Class BisectingKMeansModel

Object
org.apache.spark.mllib.clustering.BisectingKMeansModel
All Implemented Interfaces:
Serializable, org.apache.spark.internal.Logging, Saveable, scala.Serializable

public class BisectingKMeansModel extends Object implements scala.Serializable, Saveable, org.apache.spark.internal.Logging
Clustering model produced by BisectingKMeans. The prediction is done level-by-level from the root node to a leaf node, and at each node among its children the closest to the input point is selected.

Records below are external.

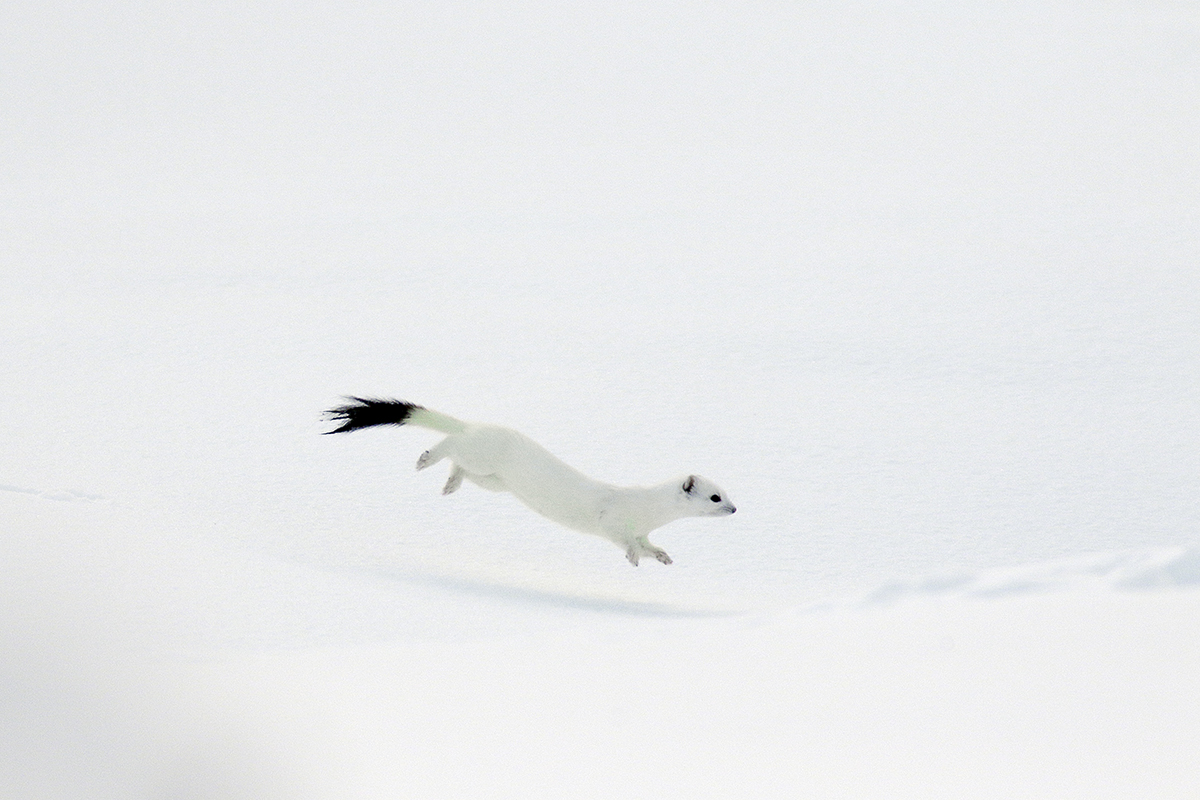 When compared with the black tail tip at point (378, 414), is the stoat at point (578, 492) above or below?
below

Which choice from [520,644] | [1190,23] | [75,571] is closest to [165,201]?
[520,644]

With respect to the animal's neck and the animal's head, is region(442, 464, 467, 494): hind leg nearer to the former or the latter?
the animal's neck

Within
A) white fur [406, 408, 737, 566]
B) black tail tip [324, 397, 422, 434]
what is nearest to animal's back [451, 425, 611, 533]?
white fur [406, 408, 737, 566]

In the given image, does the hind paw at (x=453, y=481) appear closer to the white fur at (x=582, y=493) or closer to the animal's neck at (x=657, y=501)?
the white fur at (x=582, y=493)

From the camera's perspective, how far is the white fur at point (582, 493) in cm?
289

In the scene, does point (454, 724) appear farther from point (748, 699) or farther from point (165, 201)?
point (165, 201)

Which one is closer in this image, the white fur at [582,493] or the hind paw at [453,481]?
the white fur at [582,493]

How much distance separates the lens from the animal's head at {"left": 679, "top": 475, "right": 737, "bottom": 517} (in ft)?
9.58

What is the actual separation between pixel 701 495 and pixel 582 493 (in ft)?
0.94

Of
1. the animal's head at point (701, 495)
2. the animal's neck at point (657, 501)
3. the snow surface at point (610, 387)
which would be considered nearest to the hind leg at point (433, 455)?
the snow surface at point (610, 387)

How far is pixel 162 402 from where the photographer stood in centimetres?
396

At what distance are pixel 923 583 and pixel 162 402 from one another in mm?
2786

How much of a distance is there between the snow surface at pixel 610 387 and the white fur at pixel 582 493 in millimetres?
155

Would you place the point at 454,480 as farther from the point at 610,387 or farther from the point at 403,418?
the point at 610,387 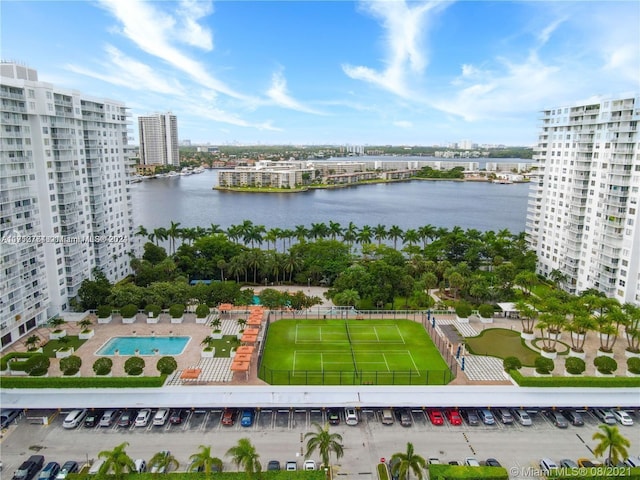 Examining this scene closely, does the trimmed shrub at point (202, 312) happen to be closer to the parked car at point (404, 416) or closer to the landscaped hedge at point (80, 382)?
the landscaped hedge at point (80, 382)

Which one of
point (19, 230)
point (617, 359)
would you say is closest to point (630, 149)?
point (617, 359)

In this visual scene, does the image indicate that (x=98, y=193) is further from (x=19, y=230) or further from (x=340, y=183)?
(x=340, y=183)

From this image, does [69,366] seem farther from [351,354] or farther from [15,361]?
[351,354]

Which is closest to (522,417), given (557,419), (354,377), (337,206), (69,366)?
(557,419)

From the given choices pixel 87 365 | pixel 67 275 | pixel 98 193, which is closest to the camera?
pixel 87 365

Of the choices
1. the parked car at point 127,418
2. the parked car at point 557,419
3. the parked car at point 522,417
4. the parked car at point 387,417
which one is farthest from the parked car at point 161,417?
the parked car at point 557,419

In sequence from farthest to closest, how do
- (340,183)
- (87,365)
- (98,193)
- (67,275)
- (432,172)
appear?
1. (432,172)
2. (340,183)
3. (98,193)
4. (67,275)
5. (87,365)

param: root the root node of the clustering tree

See Also:
  • Constructor Details

    • BisectingKMeansModel

      public BisectingKMeansModel(org.apache.spark.mllib.clustering.ClusteringTreeNode root)
  • Method Details

    • load

      public static BisectingKMeansModel load(SparkContext sc, String path)
    • distanceMeasure

      public String distanceMeasure()
    • trainingCost

      public double trainingCost()
    • clusterCenters

      public Vector[] clusterCenters()
      Leaf cluster centers.
      Returns:
      (undocumented)
    • k

      public int k()
    • predict

      public int predict(Vector point)
      Predicts the index of the cluster that the input point belongs to.
      Parameters:
      point - (undocumented)
      Returns:
      (undocumented)
    • predict

      public RDD<Object> predict(RDD<Vector> points)
      Predicts the indices of the clusters that the input points belong to.
      Parameters:
      points - (undocumented)
      Returns:
      (undocumented)
    • predict

      public JavaRDD<Integer> predict(JavaRDD<Vector> points)
      Java-friendly version of predict().
      Parameters:
      points - (undocumented)
      Returns:
      (undocumented)
    • computeCost

      public double computeCost(Vector point)
      Computes the squared distance between the input point and the cluster center it belongs to.
      Parameters:
      point - (undocumented)
      Returns:
      (undocumented)
    • computeCost

      public double computeCost(RDD<Vector> data)
      Computes the sum of squared distances between the input points and their corresponding cluster centers.
      Parameters:
      data - (undocumented)
      Returns:
      (undocumented)
    • computeCost

      public double computeCost(JavaRDD<Vector> data)
      Java-friendly version of computeCost().
      Parameters:
      data - (undocumented)
      Returns:
      (undocumented)
    • save

      public void save(SparkContext sc, String path)
      Description copied from interface: Saveable
      Save this model to the given path.

      This saves: - human-readable (JSON) model metadata to path/metadata/ - Parquet formatted data to path/data/

      The model may be loaded using Loader.load.

      Specified by:
      save in interface Saveable
      Parameters:
      sc - Spark context used to save model data.
      path - Path specifying the directory in which to save this model. If the directory already exists, this method throws an exception.